← Back to context

Comment by leephillips

14 years ago

The linked article was accurate. You are confused.

"I'm an ex-audio engineer"

Hard to believe.

"The distinct sound of the triangle constitutes of a high fundamental frequency, ballpark 10kHz"

That's a pretty high note - higher than the top key on the piano. But an "audio engineer" would know that.

"many very high-pitch harmonics"

Since the next harmonic after the fundamental would be at 20khz, which only young people can hear, and none of the others are audible to any human, I don't understand what you are talking about.

"Most of these harmonics are 20kHz."

OK, you don't either.

"it can hear the influence of the very high pitch harmonics on a lower frequency."

Sure....

You clearly have little to no musical background, and think that your basic math skills are a substitute. The overtones present in a cymbal or triangle are not straight multiples of the fundamental, they are chaotic, and are very important in determining the timbre. Anyone (and I mean that) can easily tell the difference between a cymbal with and without a low-pass filter with the threshold around 22kHz, because these "inaudible" frequencies are lost.

  • If anyone can hear it, then surely it must have been verified through a double-blind test. Can you provide a citation?
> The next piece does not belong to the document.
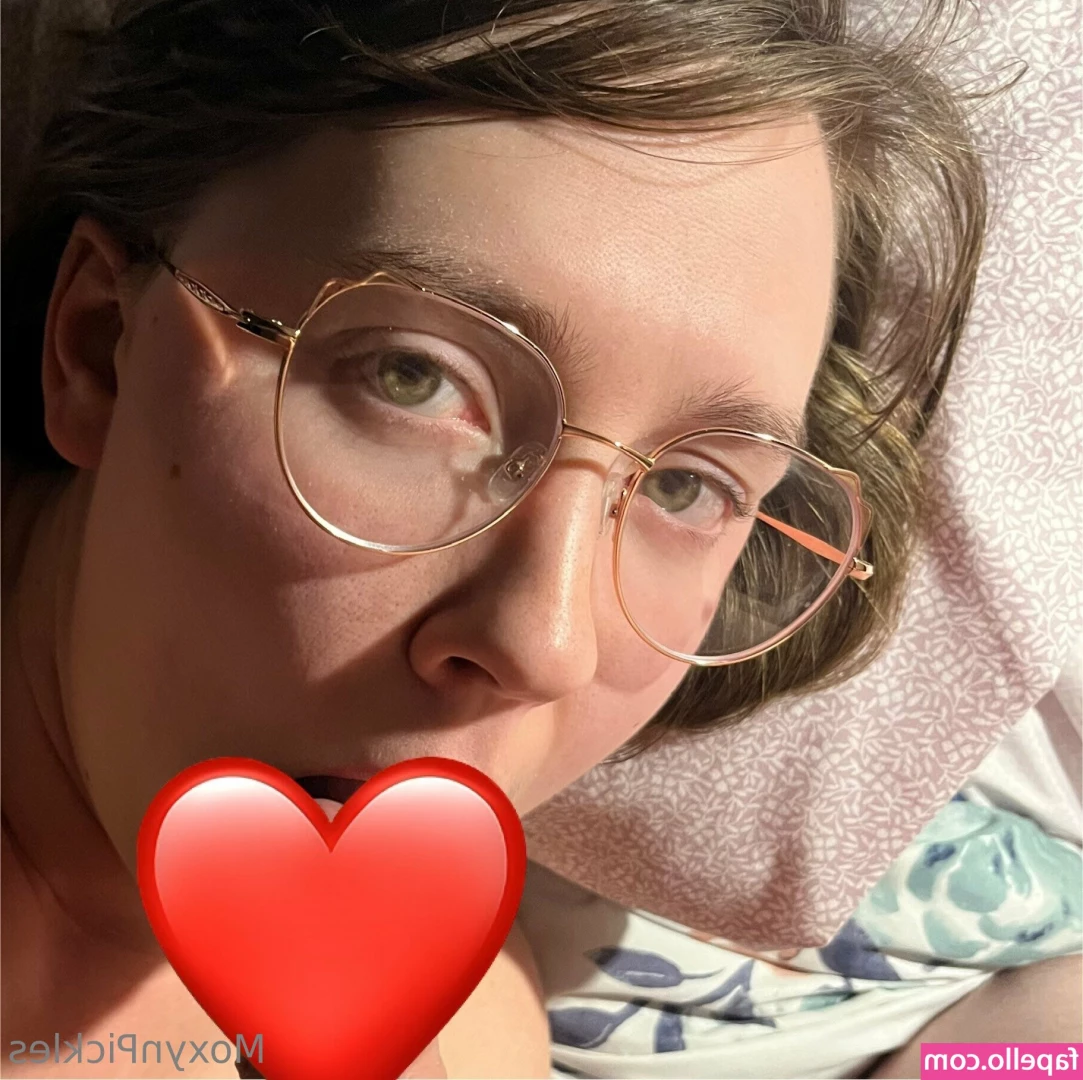 moxynpickles - New interesting toy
    • I don't know of any to point you to. They probably exist, but I haven't read them. Let me know if you stir some up.

  • This is a much more polite response than what I had in mind. Better this way I guess :)

  • The undertones created by the high overtones are realized in the anti-aliasing filter during recording. That's not actually the reason 44 kHz sampling isn't enough.

  • 1: He said "harmonics", not overtones. 2: You can not hear inaudible frequencies. Because they are inaudible.

    • 1: You're still wrong. One person's typo is not a slight against physics. 2: That's what "sarcastic quotes" are for.

Playing Devil's Advocate...

The statement that frequencies above 20kHz don't matter rests upon the assumption that the ear is linear. If the ear is not linear (I don't know whether it is not not) then frequencies above 20kHz will matter, as the ear will be able to mix higher frequencies down to less than 20kHz. For example, if we have frequencies of 56kHz and 59kHz, the ear MIGHT be able to discern a difference frequency of 3kHz. No doubt this effect could be reproduced by signal with a sampling rate of 44.1KHz, but only if the analogue systems, before the sampling stage, reproduce any non-linearity in the human ear.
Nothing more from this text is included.